Aktorka, Małgorzata Foremniak, zyskała największą sympatię widzów po roli w ukochanym serialu Polaków "Na dobre i na złe".  Ostatnio mogliśmy zobaczyć ją w hicie Netfliksa "Sexify", a młodszym pokoleniom znana jest najbardziej dzięki talent show, w którym jest jedną z jurorów. Trudno wskazać bardziej pozytywną i radosną postać w polskim show biznesie. A jednak uśmiech na wizji nie gwarantuje, że również po wyłączeniu świateł kamer, pozostaje na twarzy. Okazuje się, że Małgorzata Foremniak przeszła dramatyczne chwile, przez co zmagała się z depresją.

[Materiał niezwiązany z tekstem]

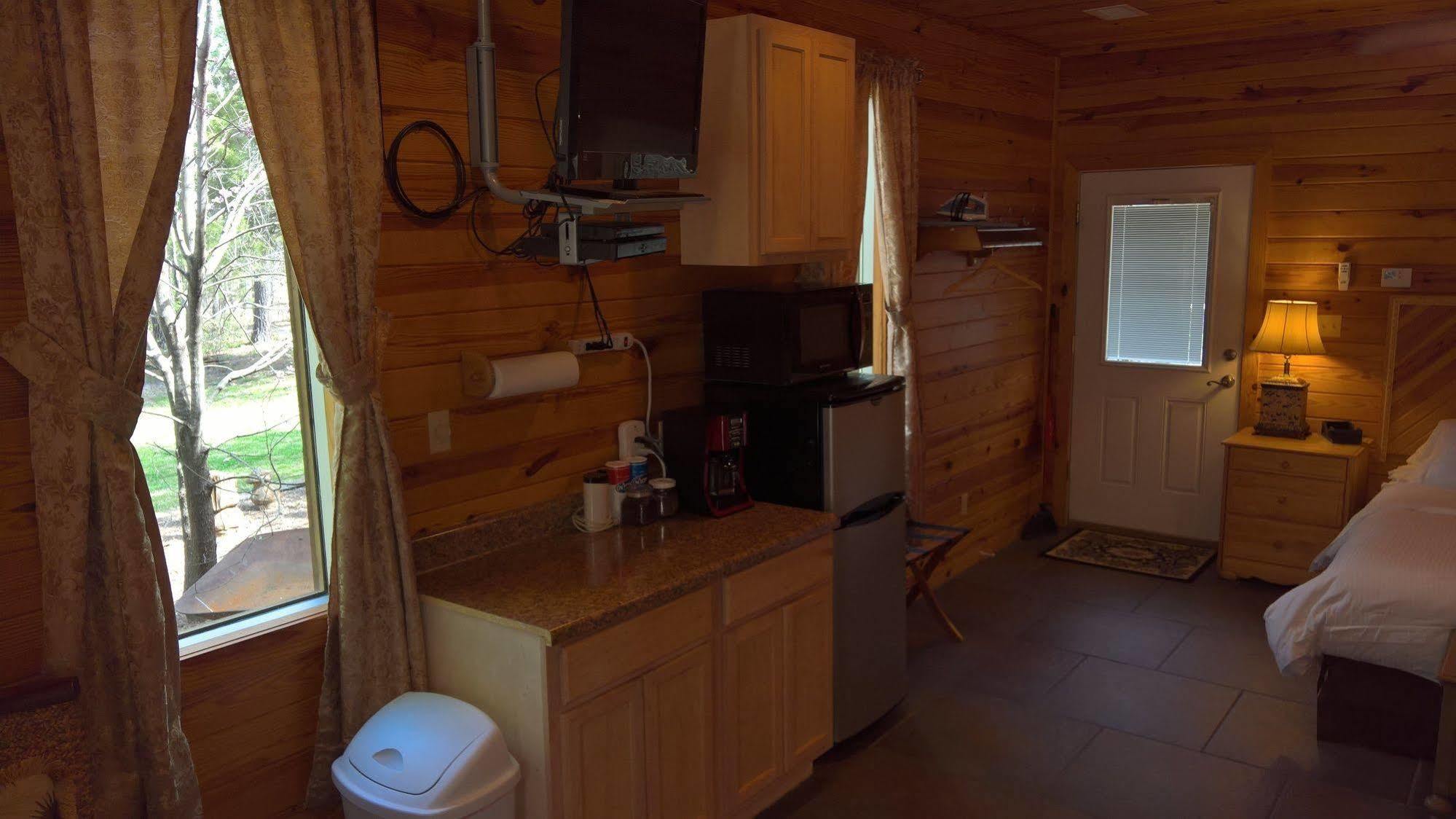 Cabins At Sugar Mountain Apartment Eureka Springs Luaran gambar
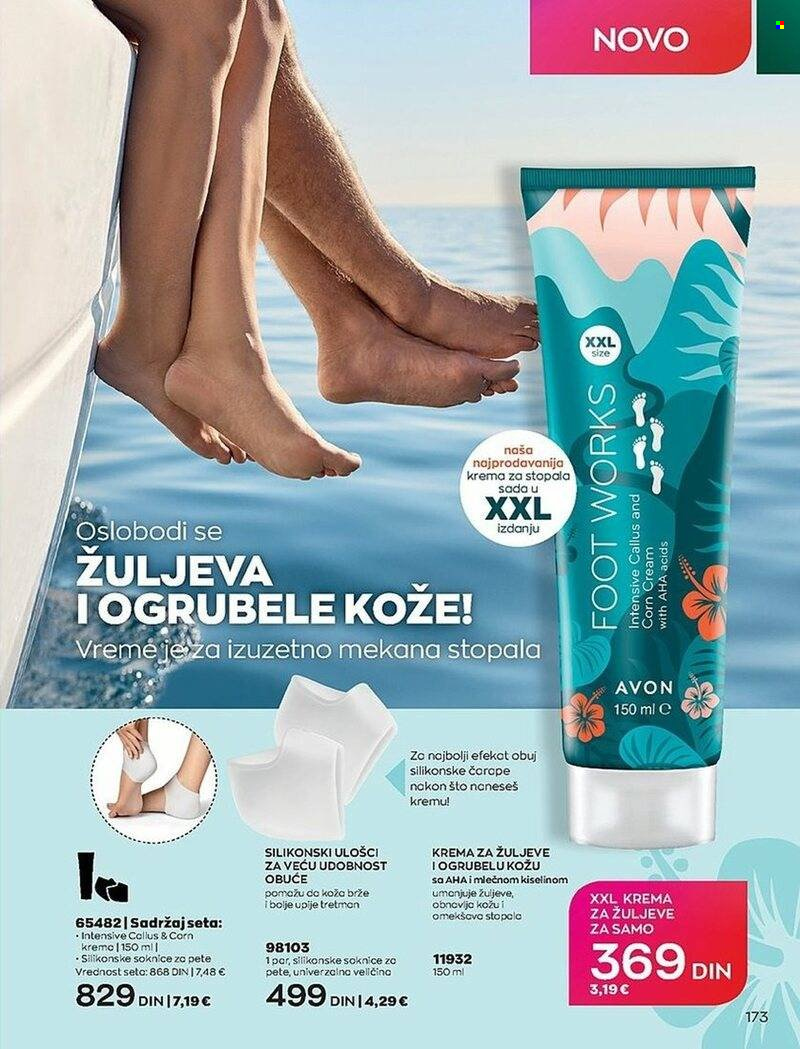 Avon katalog - 01.07.2022 - 31.07.2022. Stranica 172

Małgorzata Foremniak opowiada o depresji

Aktorka, Małgorzata Foremniak, opowiedziała o depresji, którą spowodowało wiele czynników. Najważniejszym była nagła śmierć ukochanego ojca. O tej tragedii dowiedziała się chwilę przed wejściem na wizję "Mam Talent". Nie miała czasu na żałobę. Te wydarzenia zbiegły się z nieuczciwym agentem, który okazał się stalkerem - prześladował ją i zasypywał wiadomościami. 

Poczułam się jak wyrzucona z pędzącego pociągu na bosaka. (...) Żyjesz i nie zdajesz sobie sprawy, że ktoś inteligentnie rozkłada ci życie na części. Niszczy twoje relacje z przyjaciółmi, znajomymi, miesza w kontaktach zawodowych, narażając cię nawet na ich utratę. A przede wszystkim sączy w ciebie, kropla po kropli, permanentne poczucie strachu i zagrożenia z zewnątrz. Inteligentnie i konsekwentnie jego chory umysł osacza z każdej strony. Coraz głębiej wpadasz w pułapkę. Boisz się już prawie wszystkiego. (...) Mózg masz przeorany.

Jakby tego było mało, Foremniak przechodziła wtedy ciężkie chwile po rozwodzie z Waldemarem Dzikim i nie mogła liczyć na wsparcie wszystkich przyjaciół. Te wydarzenia zweryfikowały jej relacje. Jak wspomina aktorka, część z "dobrych znajomych" poszukiwała tylko sensacji i popularności sprzedając informacje brukowcom i plotkarskim magazynom.